Мой замок сгорел в 1915 году.
Скорее всего подожгли крестьяне, остались плохие фотографии. Мой прадед Иван Александрович Звегинцев — тайный советник, кавалергард, генерал-лейтенант, губернатор, англофил (замок был построен в готическом стиле) есть фотографии где он в эполетах с английским морщинистым dog + тросточка, умер в 1913. И я, скиталец, солёный правнук.
«Хулиган-нацбол Эдуард Лимонов с громадьём фантастических проектов.»
Мои проекты не фантастические, они должны быть реализованы сейчас, просто я живу на 25 лет (как минимум) впереди Вас, червей!
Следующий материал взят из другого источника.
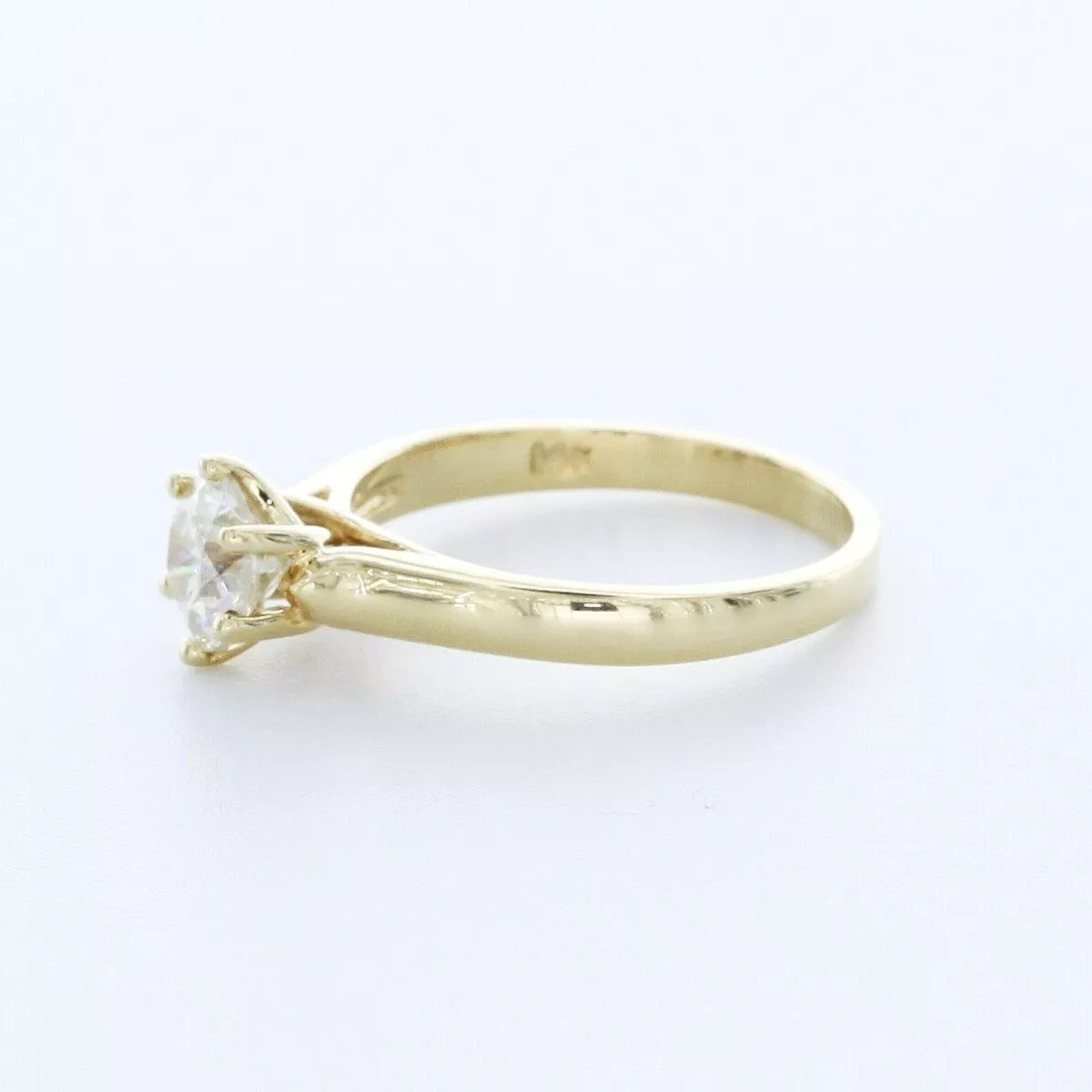 Solitaire Engagement Ring 14K Gold Trellis 1.07 CT Round Lab-Grown Diamond F VS1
Пресмыкающиеся!
Ну чего, я был такой же урод, как все эти ребята 70-х годов, мои сверстники. Как Дэвид Боуи и прочие «извращенцы». Наркотики, секс…
Не в эту, а в прошлую ночь кто-то в комнате, где я сплю, прошумел крыльями. Я не испугался, а уютно заснул. Даже спокойно…
Если Вы думаете, что я пишу в моём ЖЖ добровольно, то Вы ошибаетесь. Меня загнали в ЖЖ как в клетку, поскольку лишили всех возможностей заниматься политикой.
Общественность, я полагаю, уже убедилась, что я предпочитаю радикальные решения. Поскольку только радикальные решения решают проблему. Половинчатые, компромиссные, только её мучительно откладывают.
Нужно было решить украинскую проблему безжалостной интервенцией сразу в феврале 2014 года. От нас точно также отвернул бы морды «цивилизованный» мир, но у нас не было бы «проблемы Украины». Проблема была бы такого же размера как Крым.
Не нужно жаловаться и просить. Нужно шествовать с достоинством как слон в экзотической попоне через их жалкую деревушку.
Я чувствую себя как на льдине в бушующем океане. Рано или поздно всё равно смоет.
Я вроде Чаадаева сегодня. Я есть и мои идеи широко распространены. Мне позволено писать на сайтах и порталах. Однако писать обо мне — нежелательно.
И все делают вид что меня нет. Хотя я всё время есть.
Я нелюдим. У меня нет желания общаться с людьми. Они мне не интересны, а рассказывать о себе у меня нет желания.
Россия меня просмотрела, не увидела вовремя. Козлы!
Рассчитывай, что тебя уже нет. Что ты уже умер. Так будет лучше.
Смерть устраняет свидетелей.
Время начало с Анны Моисеевны — 1990 г. Повесилась.
Затем ушла Наташка, февраль 2003 г. Самоубийство, овердоз.
Затем ушли мои родители: отец — 2004 год. Мать — 2008-ой.
Лиза Блезе — февраль 2012-го, вероятно тоже самоубийство. Была скорее всего ВИЧ-инфицированная.
Валька Пруссаков — 2016-ый.
Смерть устраняют свидетелей.
От меня общественности одно разочарование.
— Я не стал гей-писателем, как надеялись, видимо, геи.
Написал об одичавшем от любви к девке юноше, в отместку ей преодолевшего табу на man-to-man секс. И всё. Дальше стал о другом.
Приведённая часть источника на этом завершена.